Être un père sans être un « bon papa ». À propos de Lacan

Dans son livre « L’Avenir du père » (Albin Michel, 2019), Jean-Pierre Winter nous apprend que le grand Lacan (pour lequel il professe une admiration sans borne) « n’a pas été un bon papa, mais il a été un père » (p. 191). D’un psychanalyste qu’on a déjà cité et dont la paternité est le fonds de commerce, on pourrait entendre ce jugement de valeur comme un oxymore (signifiant que sans s’adonner aux câlineries, Lacan a donné à ses enfants des principes de vie : par exemple, le sérieux dans le travail, l’honnêteté dans le social, la fidélité à la parole donnée ou autres vertus classiquement médiatisées par les pères).

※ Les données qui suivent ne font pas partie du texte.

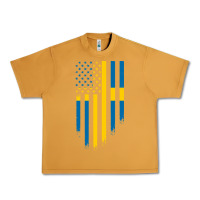 Peanut Butter Sweden Swedish Roots American Flag | Canadian Roots Urban Heavy Tee - artisFamous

Mais pour illustrer son propos par l’observation, Winter s’empresse de raconter que la fille aînée de Lacan a fini par se suicider à 73 ans, après une vie affective de galère scandée par la quête désespérée d’un père qui, happé dans une histoire sentimentale lamentable, ne l’avait honorée que de visites en coup de vent où il se contentait d’entrouvrir la porte d’entrée avant de retourner chez sa seconde femme. « Cependant, une fois par semaine, il venait déjeune dans l’appartement qu’il avait quitté. Sa vie était ailleurs » (p. 195). Et JP Winter d’épiloguer : « sa réputation était déjà celle d’un génie » 1.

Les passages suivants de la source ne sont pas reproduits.